The high stakes sparked fundraising for both candidates and made this year’s contest the state’s most expensive yet, according to the nonpartisan, nonprofit Virginia Public Access Project.

A former chairman of the Democratic National Committee and Democratic Governor’s Association, McAuliffe raised $57.1 million for the race. But Youngkin had $57.7 million to spend, thanks in part to a $20 million personal loan to his campaign. 

Earlier in the campaign, polls showed the coronavirus was a top concern, an issue where more voters trusted McAuliffe’s stricter approach to mask and vaccine mandates.

But as the pandemic faded, education came to the front, fueling a surge in the polls in October for Youngkin, who had fought McAuliffe to a tie on the traditionally Democratic issue by opposing critical race theory, which is not taught in Virginia schools, and tapping into a general sense of frustration among parents during the pandemic.

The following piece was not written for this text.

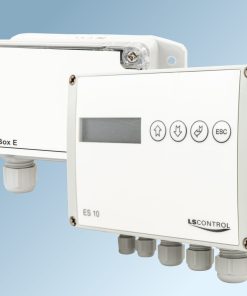 Complete Pressure Regulator with ES10 PressureRegulator and PressureBox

In a Fox News poll taken in late October, 52% of likely voters said they trusted Youngkin more on education, compared to 44% for McAuliffe, a 10-point reversal from a Fox poll earlier in the month.

But preliminary exit polls from the Associated Press showed the top issue among voters was the economy and jobs, which was cited by 34%. The coronavirus was second with 17% and education in third with 14%.